ÖZEL HASTAHANELER ve ÇALIŞMA HAYATI
Türkiye’de özel hastane işletmelerinin temelleri 1933 yılı 2219 sayılı Hususi Hastaneler Kanununa dayanmaktadır. Daha sonra bu kanun hükümleri yetersiz kalmış ve aksaklıklar ortaya çıkmıştır. Söz konusu aksaklıkları ortadan kaldırmak için Özel Hastaneler Yönetmeliği çıkarılmıştır. “Özel Hastaneler Yönetmeliği” (Sağlık Bakanlığı 2016) özel hastanelerin kuruluşundan işleyişine kadar birçok şartı içinde barındırır.

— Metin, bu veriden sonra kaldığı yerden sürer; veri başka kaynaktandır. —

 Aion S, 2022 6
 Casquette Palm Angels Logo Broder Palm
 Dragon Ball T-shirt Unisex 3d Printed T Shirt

Cumhuriyetin başlangıç yıllarında sayıca az olan özel hastane işletmelerinin 1987 yılında yürürlüğe giren kanunla birlikte sayılarının artmaya başladığı görülmektedir. 3359 sayılı Sağlık Hizmetleri Temel Kanunu’nun 5 inci maddesi “Milli Savunma Bakanlığı” hariç kamu kurum ve kuruluşlarına ait tüm sağlık kuruluşlarının kamu tüzel kişiliğine haiz sağlık işletmelerine dönüştürülmesine imkân tanımıştır. Türkiye’de genelde sağlık sektörüne, özelde ise tedavi edici sağlık hizmetlerine bakıldığında hem kamu hem de özel sektör aracılığı ile çok çeşitli kesimlerin sağlık hizmeti sunduğu görülmektedir. Merkezi olarak sağlık hizmetlerinin sevk ve idaresinden sorumlu olan kurum Sağlık Bakanlığı olsa da hizmet sunumu noktasında pek çok aktör devreye girmektedir.
Sağlık, herkes için önemlidir. Bu nedenle birçok insan, devlet hastanesi yerine daha kapsamlı ilgi için özel hastaneleri tercih etmektedir. Özel hastaneler için en fazla merak edilen konuların başında SGK’nın özel hastanelere ödediği muayene ücretidir.
Kamu idaresi sağlık hizmeti sunucuları dışındaki vakıf üniversiteleri dahil sözleşmeli sağlık hizmeti sunucularına bu hizmetleri karşılığında ödenen devlet katkısı (SGK).
Hasta; başka bir hastaneden sevk ya da 112 Acil Servis tarafından ambulansla özel hastaneye getirilme gibi durumlarda tedavi masraflarının tamamını SGK karşılar. Bu istisnai durumların haricinde SGK anlaşmalı özel hastane muayene ücretini hasta öder, ayrıca; devlet katkısını SGK dan alır.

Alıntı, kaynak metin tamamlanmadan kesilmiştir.